> **Exercise description**:
Treat the line containing "Ocean view condo, pool, 350" as the first line of the answer and the last line of the data as its final line, reproducing every line between exactly.
[Task material]
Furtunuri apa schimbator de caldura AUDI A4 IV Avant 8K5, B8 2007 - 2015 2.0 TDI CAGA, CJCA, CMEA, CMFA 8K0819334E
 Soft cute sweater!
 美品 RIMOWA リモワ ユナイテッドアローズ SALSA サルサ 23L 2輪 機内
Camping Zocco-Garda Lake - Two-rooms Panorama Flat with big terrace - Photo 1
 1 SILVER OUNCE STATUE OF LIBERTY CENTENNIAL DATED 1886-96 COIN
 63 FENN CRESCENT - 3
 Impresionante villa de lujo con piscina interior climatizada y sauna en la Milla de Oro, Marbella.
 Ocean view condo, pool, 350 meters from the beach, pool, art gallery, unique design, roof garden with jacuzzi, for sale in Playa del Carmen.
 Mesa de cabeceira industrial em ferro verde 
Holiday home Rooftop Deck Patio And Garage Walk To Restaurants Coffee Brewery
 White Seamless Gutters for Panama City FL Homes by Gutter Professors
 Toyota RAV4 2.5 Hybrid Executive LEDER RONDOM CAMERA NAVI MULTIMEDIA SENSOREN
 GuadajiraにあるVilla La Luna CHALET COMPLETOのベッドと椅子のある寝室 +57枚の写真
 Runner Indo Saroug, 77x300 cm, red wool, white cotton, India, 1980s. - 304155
[/Task material]
> **Response for this exercise**:
 Ocean view condo, pool, 350 meters from the beach, pool, art gallery, unique design, roof garden with jacuzzi, for sale in Playa del Carmen.
 Mesa de cabeceira industrial em ferro verde 
Holiday home Rooftop Deck Patio And Garage Walk To Restaurants Coffee Brewery
 White Seamless Gutters for Panama City FL Homes by Gutter Professors
 Toyota RAV4 2.5 Hybrid Executive LEDER RONDOM CAMERA NAVI MULTIMEDIA SENSOREN
 GuadajiraにあるVilla La Luna CHALET COMPLETOのベッドと椅子のある寝室 +57枚の写真
 Runner Indo Saroug, 77x300 cm, red wool, white cotton, India, 1980s. - 304155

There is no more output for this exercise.